Title: Autonomy and Unhappy Consciousness
Author(s): HEYDE, Ludwig
Journal: Ethical Perspectives
Volume: 5    Issue: 4   Date: December 1998   
Pages: 253-262
DOI: 10.2143/EP.5.4.563073

Abstract :
Perhaps even more radically than under the criticism of the ‘Maîtres du soupçon’, a whole world goes down in Greek comedy. Not only traditional religion, but also ethical life and finally even reason itself seem to be affected by the all-destroying power of laughter.

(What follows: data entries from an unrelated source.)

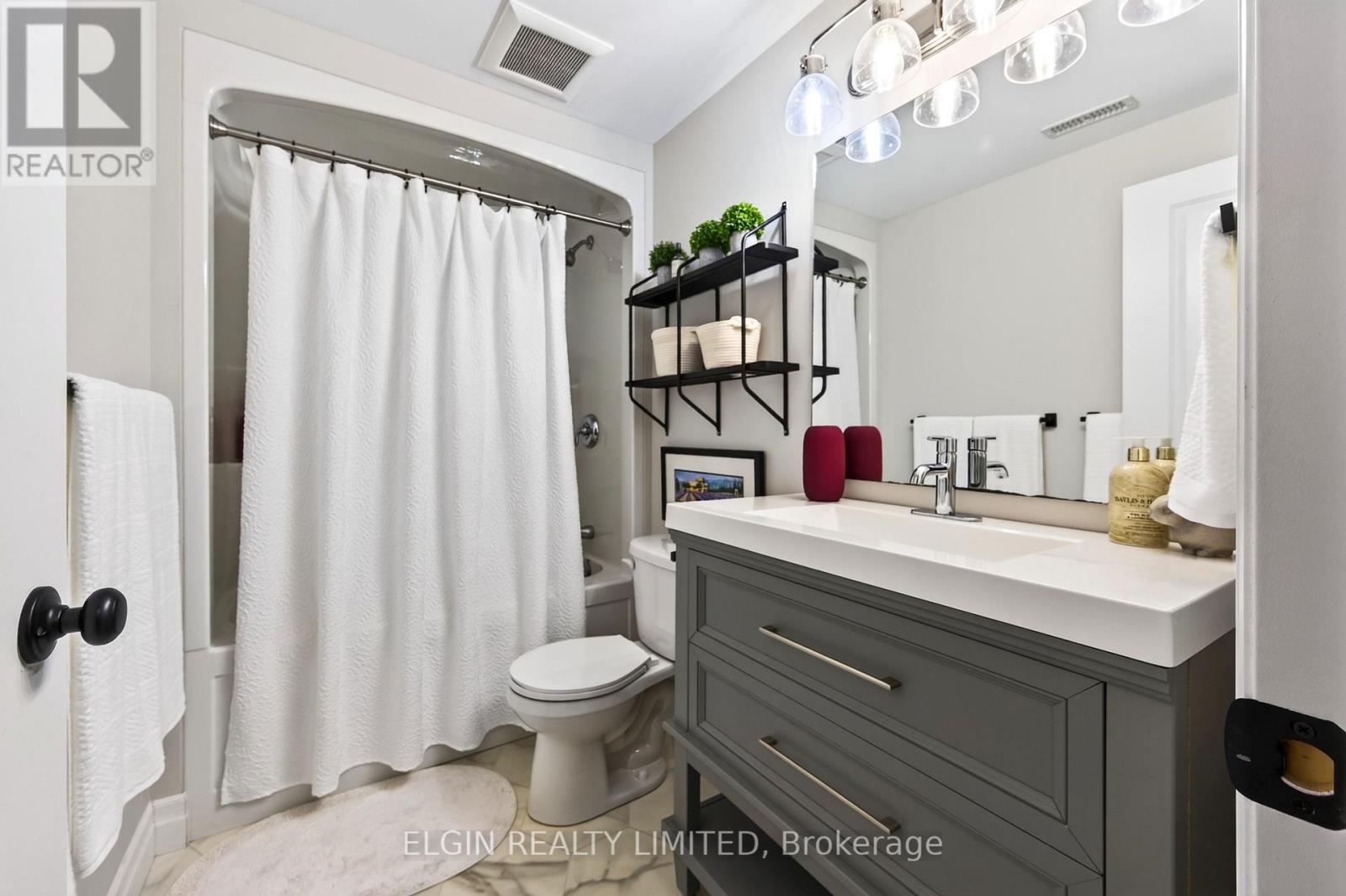 72 Sparkys Way, Southwold, Ontario  N5P 0E9 - Photo 43 - X13797484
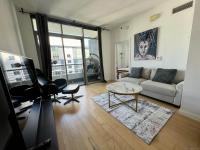 More Details about MLS # 250023166 : 425 W BEECH ST 1606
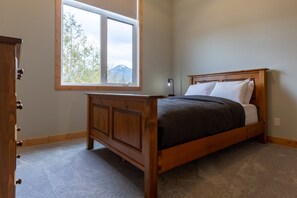 5 bedrooms, desk, iron/ironing board, travel cot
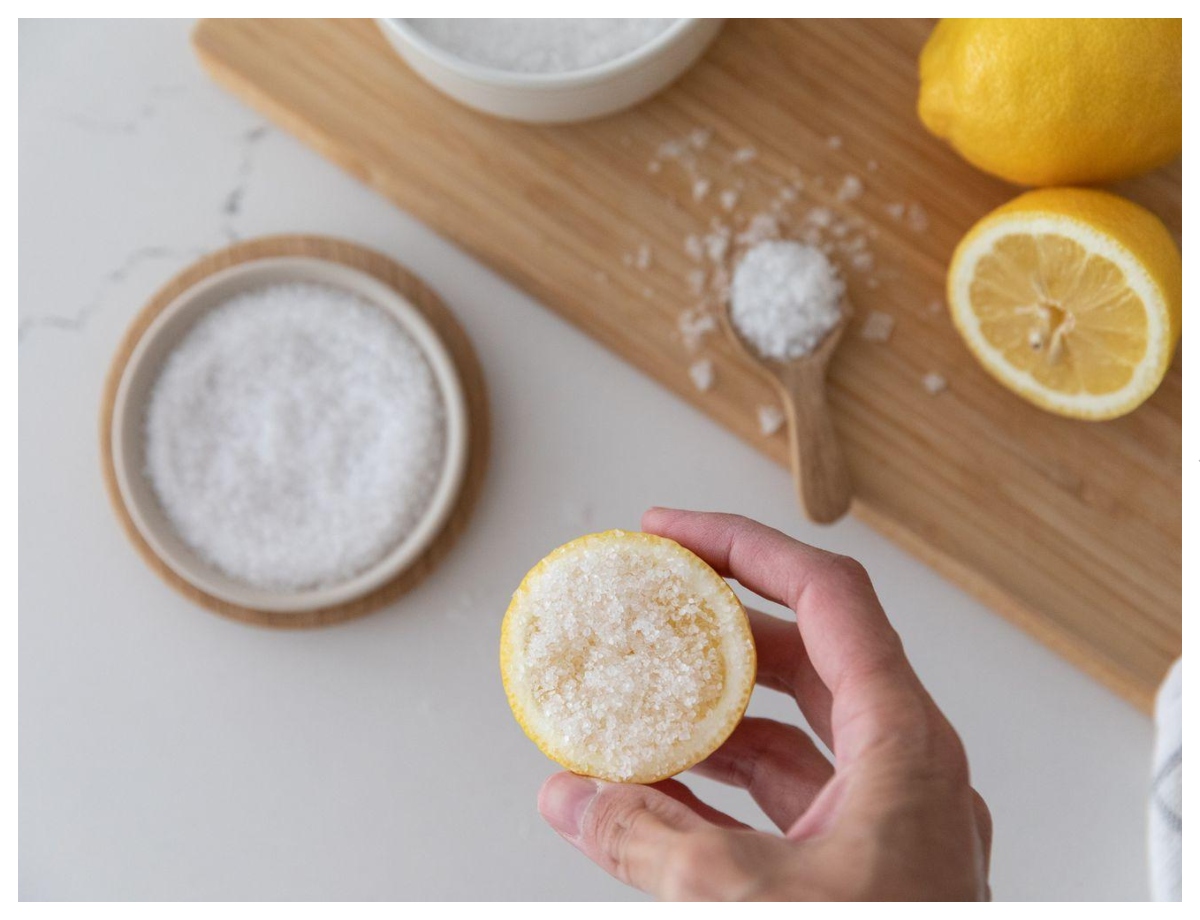 Remove blackness with lemon and salt - Photo Gallery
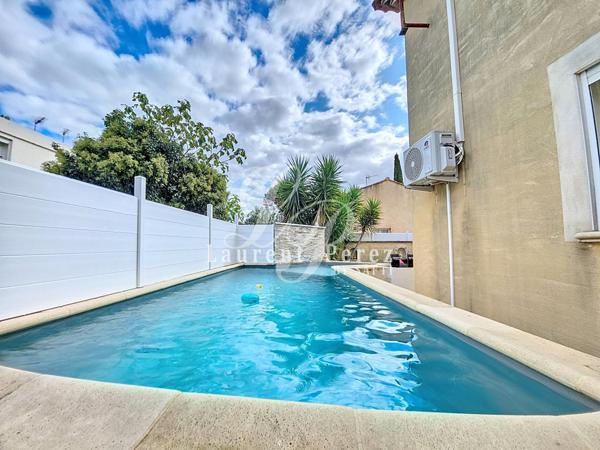 Élégante villa familiale, prestations de qualité dans quartier prisé.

The title of Aristophanes’ famous play ‘The Clouds’ has a symbolic meaning: in the comedy, Greek ethical life dissolves into a vanishing mist. Behind the player’s mask hides the principle of this total decomposition: the autonomous, selfconfident individual. This event does not only have a theatrical meaning. It does not only exist in the artist’s imagination. It concerns a whole nation, a whole culture. The comedy is an expression of the way society understands itself. It represents in an aesthetic way the fact that the individual human being sees himself as ‘principium essendi et cognoscendi’ of everything. The comedy voices a new truth, namely that all truth begins and ends with man. The gods — symbols of truth and actuality- have dissolved in the shamelessness of a laughter, which does not halt for anything anymore. Formulated in modern terms: the comedy voices the philosophical principle that from now on the subject will be the reference point of all reality. Long before Descartes’s Cogito, a metaphysics of subjectivity here finds one of its remarkable expressions.